Kontrola policjantów wykazała, że 34-letnia kierująca bez prawa jazdy i 52-letni pasażer są poszukiwani do odbycia kary pozbawienia wolności.

Nieostrożna jazda doprowadziła parę do aresztu, a następnie do zakładu karnego, gdzie spędzą następne 2,5 roku. Wpadli w Wielkanoc w rejonie Płaszowa, gdy policjanci zauważyli, że prowadzone przez kobietę audi przejechało na czerwonym świetle.

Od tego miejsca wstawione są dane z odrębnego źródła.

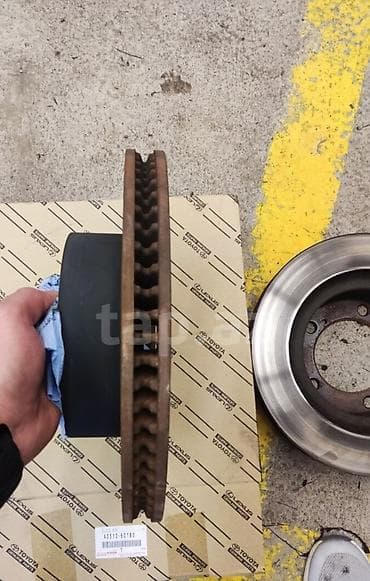 18 disk təkər: Ön, Lexus 5.70, 2010 il — 2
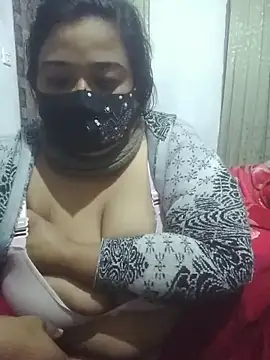 momo loves online show from February 4, 6:25 pm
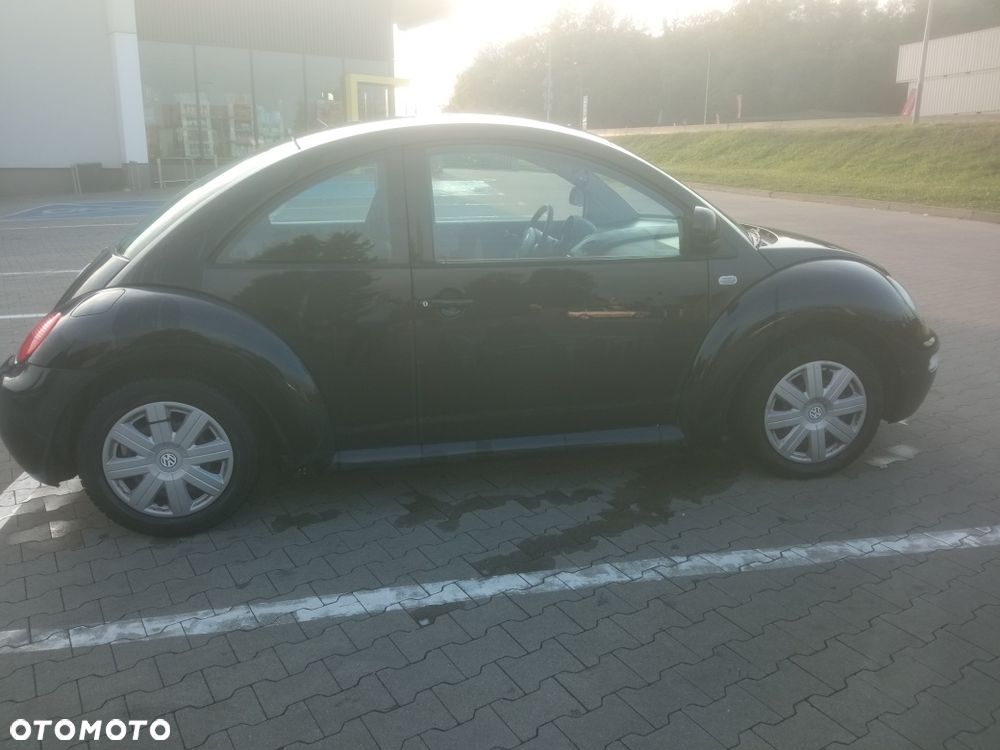 Volkswagen New Beetle - 6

– Podczas kontroli okazało się, że 34-latka nie posiadała uprawnień do prowadzenia samochodu. Po dokładnym sprawdzeniu danych kobiety okazało się, że jest poszukiwana listem gończym do odbycia kary dwóch lat i sześciu miesięcy pozbawienia wolności – informuje Sebastian Gleń, rzecznik prasowy Komendy Wojewódzkiej Policji w Krakowie.

Osobą poszukiwaną okazał się także 52-letni pasażer. Para próbowała wmówić policjantom, że nie ma przy sobie dokumentów tożsamości, ale niedługo funkcjonariusze znaleźli je w samochodzie.

Bez prawa jazdy i pod wpływem?

– Specyficzne zachowanie 34-latki wzbudziło podejrzenie mundurowych, że może ona być pod wpływem środków odurzających. Badanie testerem na obecność narkotyków dało wynik pozytywny. Aby potwierdzić ten fakt, policjanci wraz z kobietą udali się do szpitala, gdzie pobrano jej krew do dalszej analizy – mówi Gleń.

Kobieta za niezastosowanie się do sygnalizacji świetlnej została ukarana mandatem w wysokości 500 zł i sześcioma punktami karnymi. Za pozostałe wykroczenia odpowie przed sądem. Jeśli wyniki badań potwierdzą, że kierowała pojazdem pod wpływem środków odurzających, grożą jej kolejne konsekwencje.